[EXERCISE MATERIAL Boundary: Start]

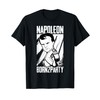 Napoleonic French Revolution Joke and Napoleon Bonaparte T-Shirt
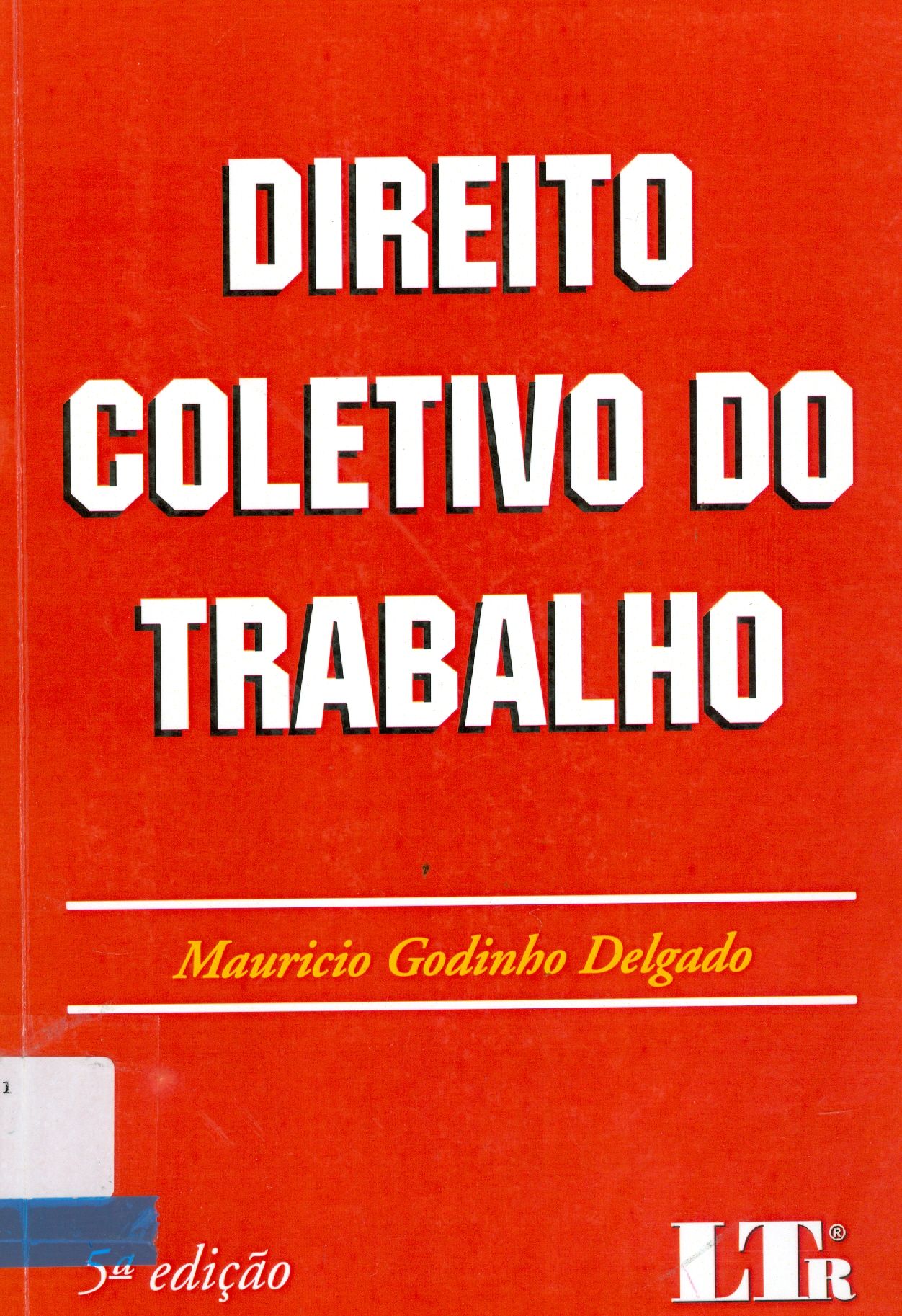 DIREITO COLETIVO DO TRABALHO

[EXERCISE MATERIAL Boundary: End]
[EXERCISE MATERIAL Boundary: Start]

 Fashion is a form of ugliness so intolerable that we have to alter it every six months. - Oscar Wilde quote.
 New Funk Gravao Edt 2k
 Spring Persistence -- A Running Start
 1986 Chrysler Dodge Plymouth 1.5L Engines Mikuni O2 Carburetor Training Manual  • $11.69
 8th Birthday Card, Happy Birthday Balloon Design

[EXERCISE MATERIAL Boundary: End]
[EXERCISE MATERIAL Boundary: Start]

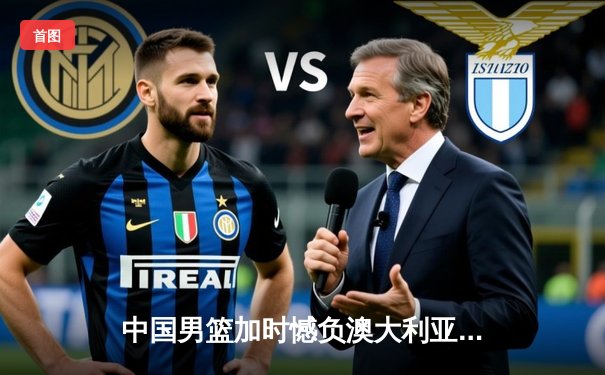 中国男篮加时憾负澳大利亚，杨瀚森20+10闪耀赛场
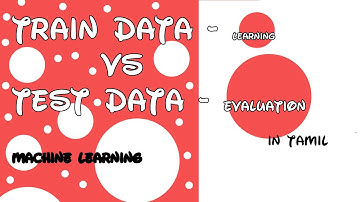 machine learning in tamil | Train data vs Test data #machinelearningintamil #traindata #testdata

[EXERCISE MATERIAL Boundary: End]

**WHAT YOU WILL DO**. Which lines above run from the one containing "New Funk Gravao Edt 2k" down to the one containing "8th Birthday Card, Happy"? Repeat exactly those, both ends included, and nothing else.

**WRITTEN RESPONSE**.
 New Funk Gravao Edt 2k
 Spring Persistence -- A Running Start
 1986 Chrysler Dodge Plymouth 1.5L Engines Mikuni O2 Carburetor Training Manual  • $11.69
 8th Birthday Card, Happy Birthday Balloon Design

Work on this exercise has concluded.